-- RECORDS FOR THE EXERCISE follows --

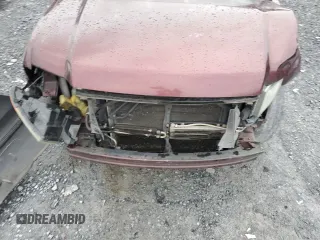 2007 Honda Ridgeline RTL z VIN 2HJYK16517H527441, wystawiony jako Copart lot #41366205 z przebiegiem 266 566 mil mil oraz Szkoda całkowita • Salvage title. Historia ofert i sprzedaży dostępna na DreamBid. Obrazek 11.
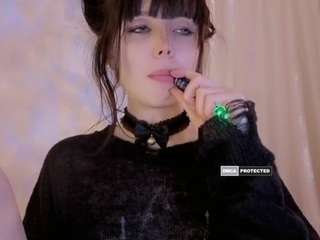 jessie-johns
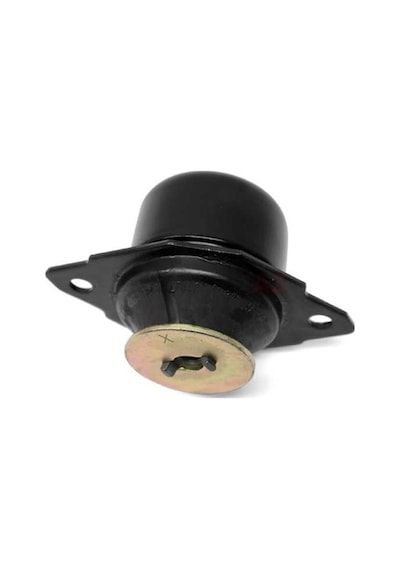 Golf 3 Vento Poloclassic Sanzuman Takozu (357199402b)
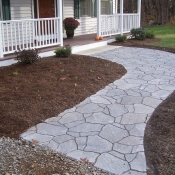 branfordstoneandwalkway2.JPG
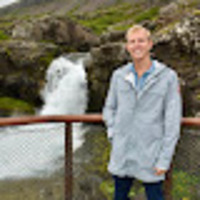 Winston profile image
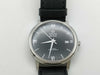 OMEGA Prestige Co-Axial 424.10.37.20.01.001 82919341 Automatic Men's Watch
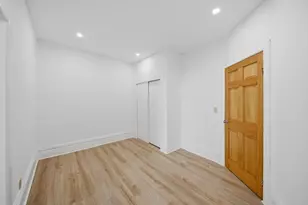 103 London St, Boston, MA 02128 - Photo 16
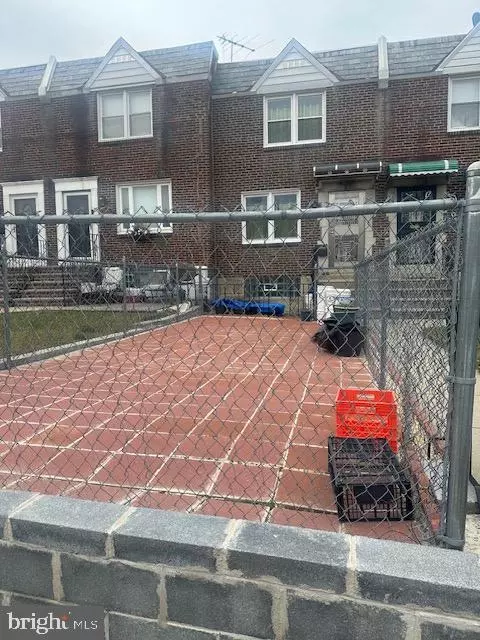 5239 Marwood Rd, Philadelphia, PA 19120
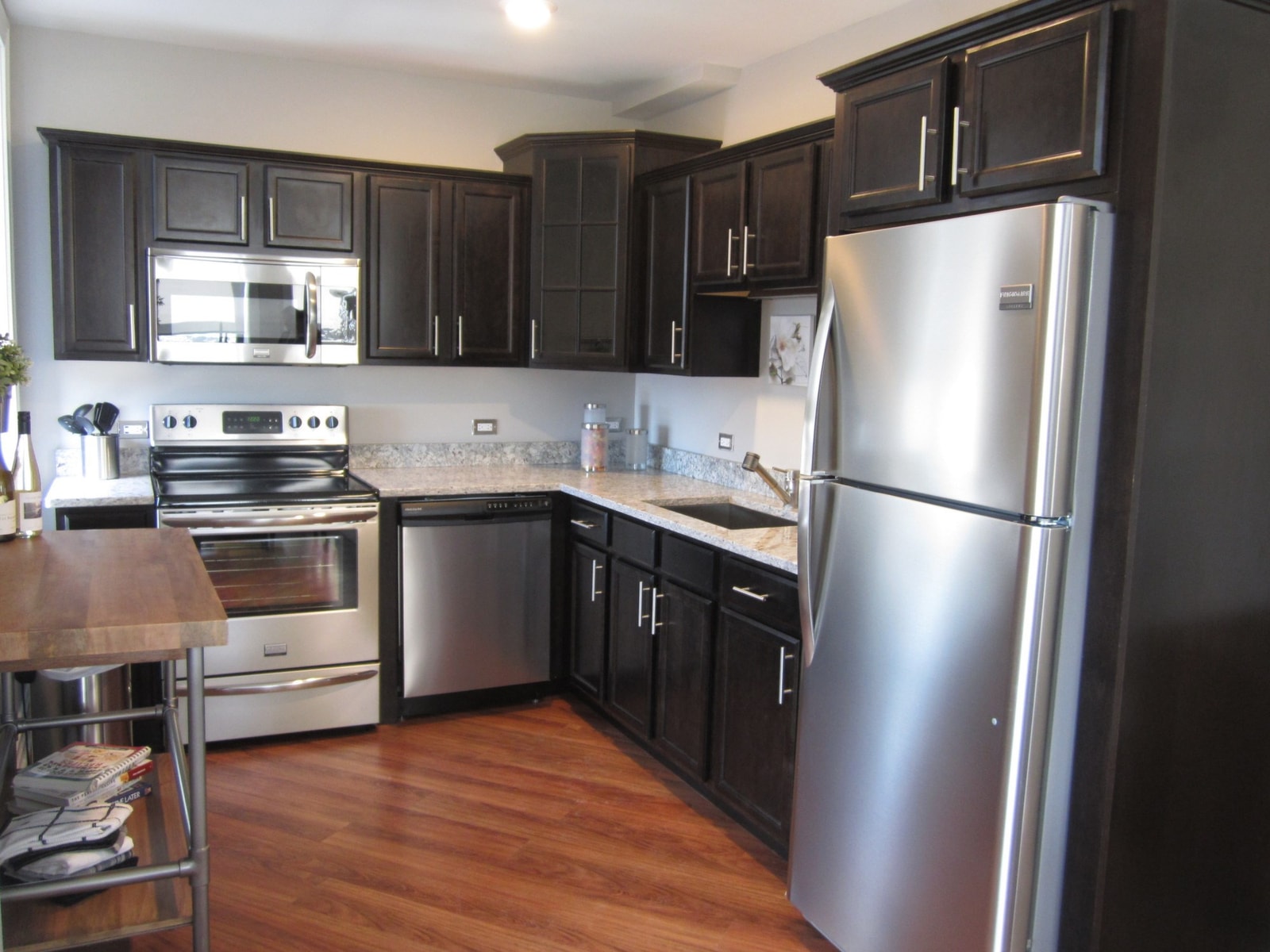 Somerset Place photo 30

-- RECORDS FOR THE EXERCISE concluded --

Starting with the line that contains "jessie-johns" and ending with the last line of the data above, transcribe exactly those lines and no others, without pictures.

 jessie-johns
 Golf 3 Vento Poloclassic Sanzuman Takozu (357199402b)
 branfordstoneandwalkway2.JPG
 Winston profile image
 OMEGA Prestige Co-Axial 424.10.37.20.01.001 82919341 Automatic Men's Watch
 103 London St, Boston, MA 02128 - Photo 16
 5239 Marwood Rd, Philadelphia, PA 19120
 Somerset Place photo 30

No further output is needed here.